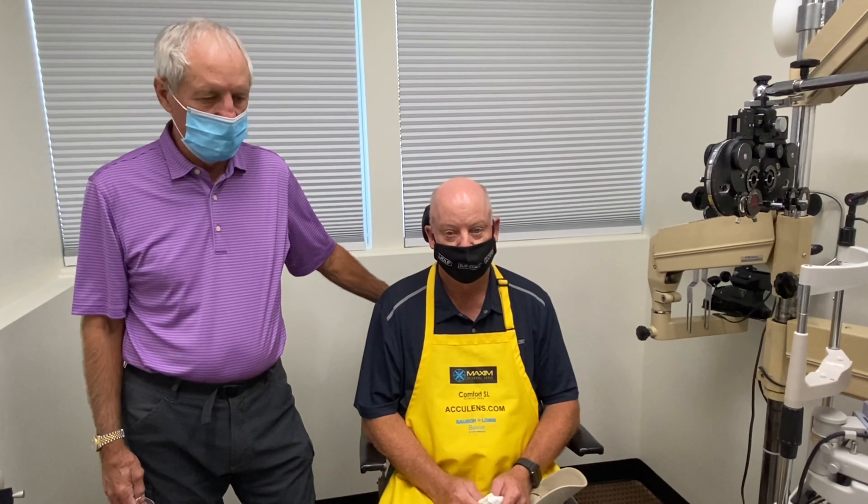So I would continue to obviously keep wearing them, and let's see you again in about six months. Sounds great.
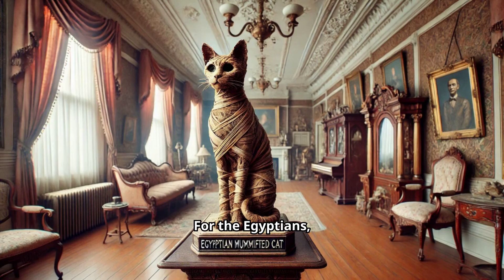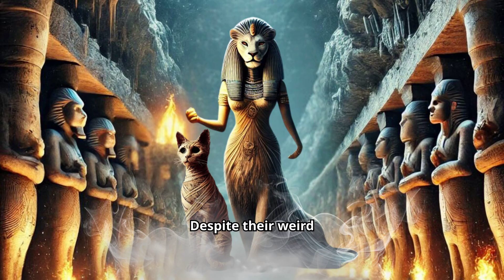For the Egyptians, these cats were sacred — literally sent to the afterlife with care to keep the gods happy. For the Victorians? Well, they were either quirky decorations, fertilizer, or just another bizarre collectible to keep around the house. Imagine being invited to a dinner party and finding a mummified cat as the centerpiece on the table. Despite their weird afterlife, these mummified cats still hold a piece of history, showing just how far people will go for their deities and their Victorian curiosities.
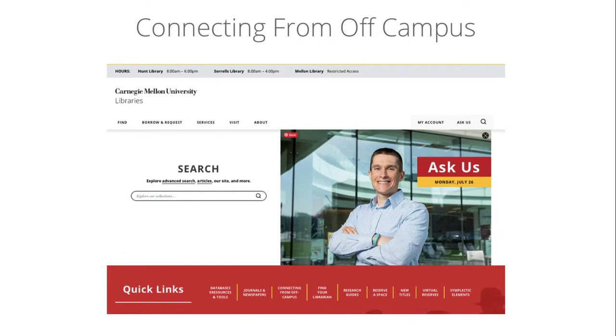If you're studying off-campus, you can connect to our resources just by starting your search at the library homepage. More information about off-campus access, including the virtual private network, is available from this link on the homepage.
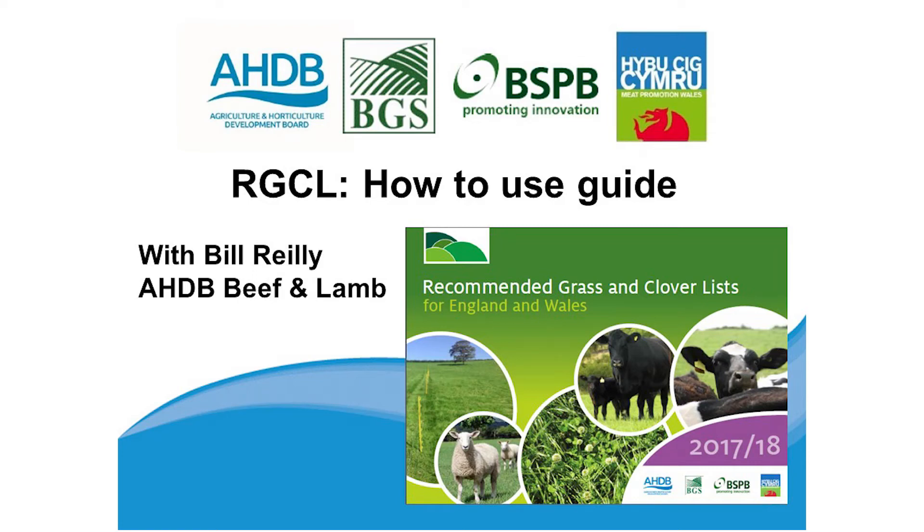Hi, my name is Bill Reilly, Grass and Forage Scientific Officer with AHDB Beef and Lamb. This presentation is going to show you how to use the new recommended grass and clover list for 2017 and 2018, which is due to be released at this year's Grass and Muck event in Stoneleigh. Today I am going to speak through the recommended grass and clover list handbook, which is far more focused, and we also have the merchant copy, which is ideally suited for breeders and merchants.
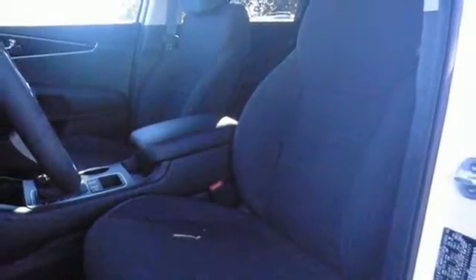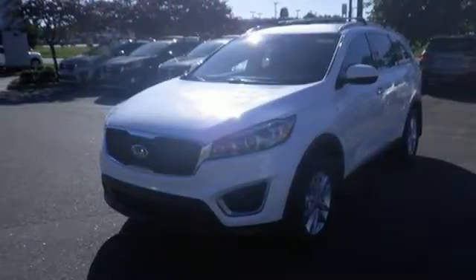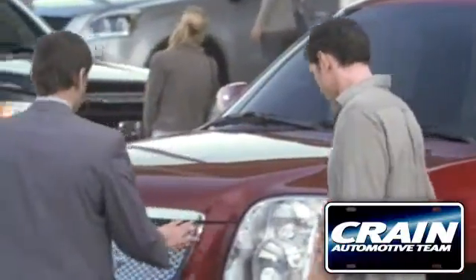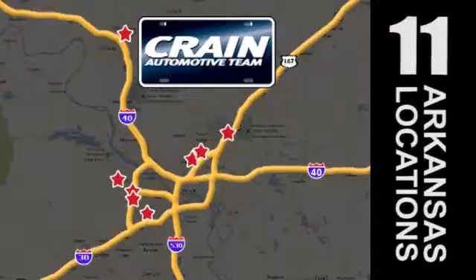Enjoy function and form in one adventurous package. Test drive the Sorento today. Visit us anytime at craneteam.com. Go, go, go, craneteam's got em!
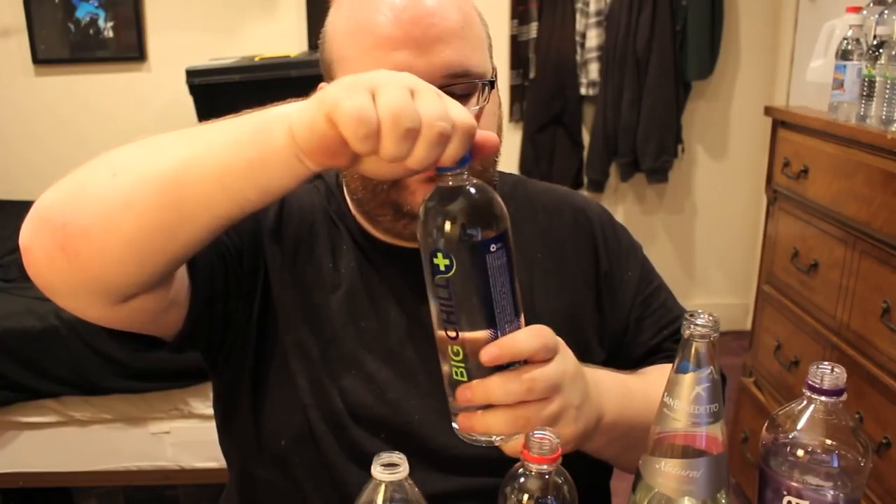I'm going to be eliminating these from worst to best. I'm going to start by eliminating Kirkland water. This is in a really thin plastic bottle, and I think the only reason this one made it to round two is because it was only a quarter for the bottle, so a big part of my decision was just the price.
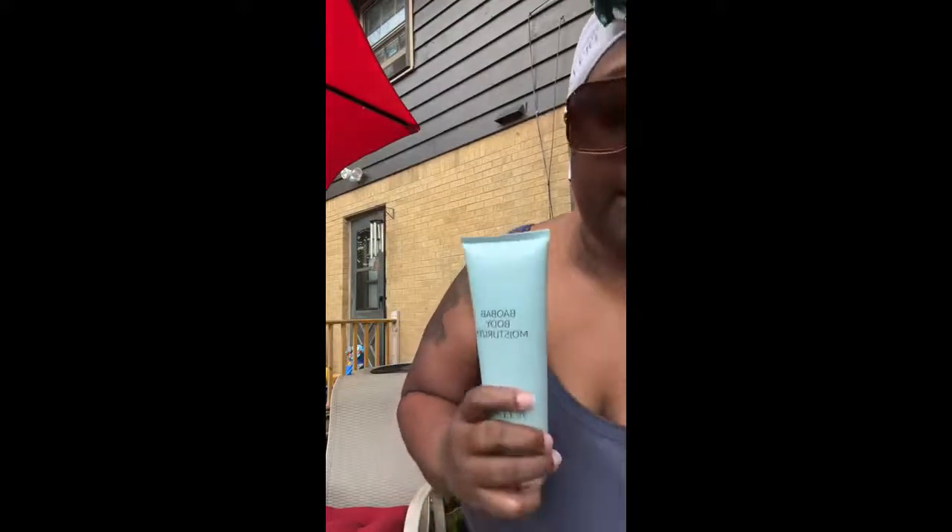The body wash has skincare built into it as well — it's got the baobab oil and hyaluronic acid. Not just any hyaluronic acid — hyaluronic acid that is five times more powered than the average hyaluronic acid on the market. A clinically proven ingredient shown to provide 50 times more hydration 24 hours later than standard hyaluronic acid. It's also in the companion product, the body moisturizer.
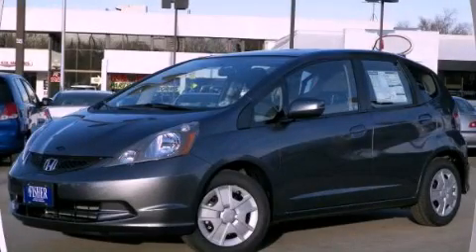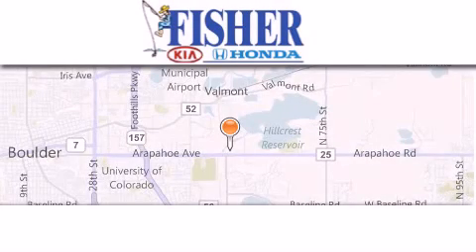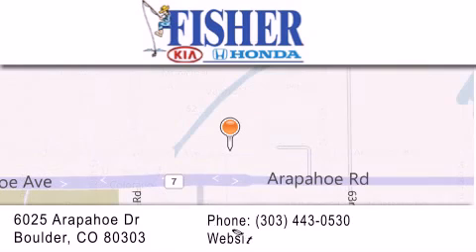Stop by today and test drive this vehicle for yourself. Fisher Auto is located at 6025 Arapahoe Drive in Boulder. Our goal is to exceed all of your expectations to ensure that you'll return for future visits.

* * *

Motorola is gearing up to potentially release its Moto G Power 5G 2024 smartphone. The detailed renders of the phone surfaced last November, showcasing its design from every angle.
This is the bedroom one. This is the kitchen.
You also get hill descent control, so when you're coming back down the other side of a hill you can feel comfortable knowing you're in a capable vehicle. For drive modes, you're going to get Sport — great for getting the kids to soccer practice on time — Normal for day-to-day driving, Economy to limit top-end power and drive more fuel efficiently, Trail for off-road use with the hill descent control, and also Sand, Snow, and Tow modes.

ABOUT THIS TASK:
Reproduce, character for character, only the lines of the preceding data that start at the line with "This is the bedroom one. This is the kitchen." and end at the line with "You also get", both included.

ANSWER BOX:
This is the bedroom one. This is the kitchen.
You also get hill descent control, so when you're coming back down the other side of a hill you can feel comfortable knowing you're in a capable vehicle. For drive modes, you're going to get Sport — great for getting the kids to soccer practice on time — Normal for day-to-day driving, Economy to limit top-end power and drive more fuel efficiently, Trail for off-road use with the hill descent control, and also Sand, Snow, and Tow modes.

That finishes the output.